What do you think of my minuet? Does it need any changes? If so, what changes? I tried to stay in the Baroque style, thus the melody and countermelody, but should I have an ending chord to both confirm that it is the ending and make the number of bars even? That would leave me with a bit of a coda to my minuet, which isn't typical.

And here is me addressing why I have the A section and the entire piece end in octaves instead of some other interval:

*Comment on octaves:*



> The octaves at the end of the first phrase and the whole piece lose some weight, where a different harmony could have been more effective.


*My addressed argument for ending in octaves:*

Well, I wanted to make sure it sounded closed at the end of the A section and at the end of the piece, and I was doing 2 voice counterpoint, so I had it end in octaves for that reason(in my mind, the octave is the most closed of cadential intervals, especially when preceded by a leap in the bass).
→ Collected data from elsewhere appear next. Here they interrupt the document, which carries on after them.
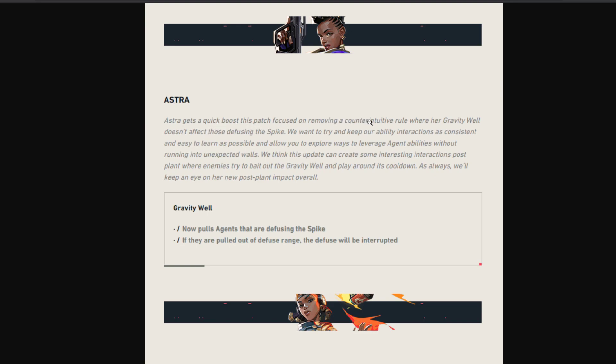Her Astra gets a quick push. This patch focused on removing a counter-intuitive rule where her Gravity Well doesn't affect those defusing the spike. It was affecting those defusing the spike, so I don't understand what they mean here. Anyway, I'll see you guys later.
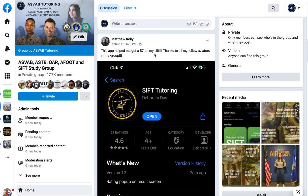But if you want to study by yourself, go through everything we have in the app and take a couple of prediction tests — that will tell you if you're ready to take the actual test or not. Good luck with everything.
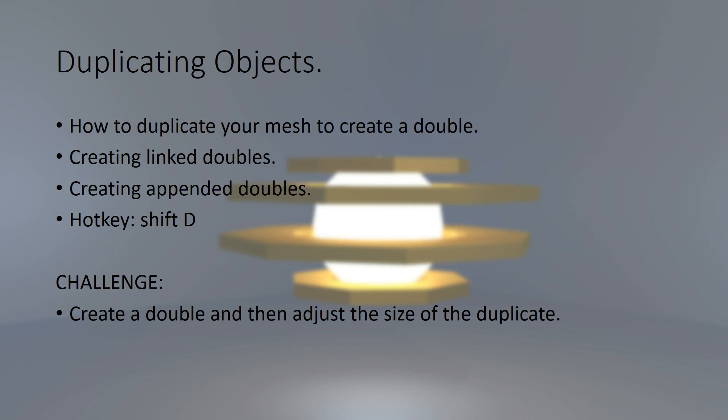And I want you to create three doubles from an object. So, this is your challenge, create three doubles from an object. I want you to make sure that they are all linked doubles. And I want you to move all three into separate parts. Then, you are going to move one, rotate another and scale the third. Give that a go guys, and I will see you in the next lecture.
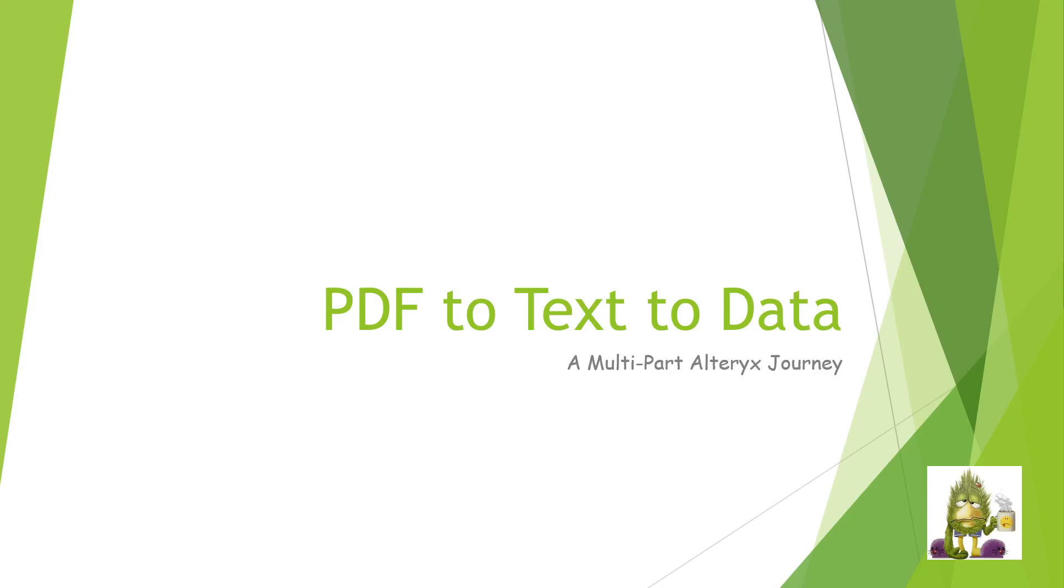Hi, welcome to another one of my Alteryx videos. What we're going to look at today is a problem that most people run into sometime or another, and that is how to take data that's come to you via a PDF document.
Also for that reason, I had the bass leap from F to Bb in the final cadence of both the A section and the piece. Here is the A section so you can see how I structured it:










So yeah, what do you think of my minuet? What changes does it need if any(besides the parallel octaves and direct fifths and octaves, I'm already aware of those)?


----------



## Phil loves classical (Feb 8, 2017)

I think you need a lower note to lead the melody before your beginning like a quarternote F to add contrast and make more symmetrical. It sounds like you're starting from the middle of a melody. Agree on the octave harmony at the end of the phrases, it lacks imagination. I think the 4th beats of bars 11 and 12 also lacking contrast or imagination especially when you repeated the F in the left hand for bar 12. I feel bars 14-20 with the sustained parallel motion doesn't have enough contrast or imagination since you're using diatonic notes which sound already established in the first line. I think you need more directional changes in the left hand overall.


----------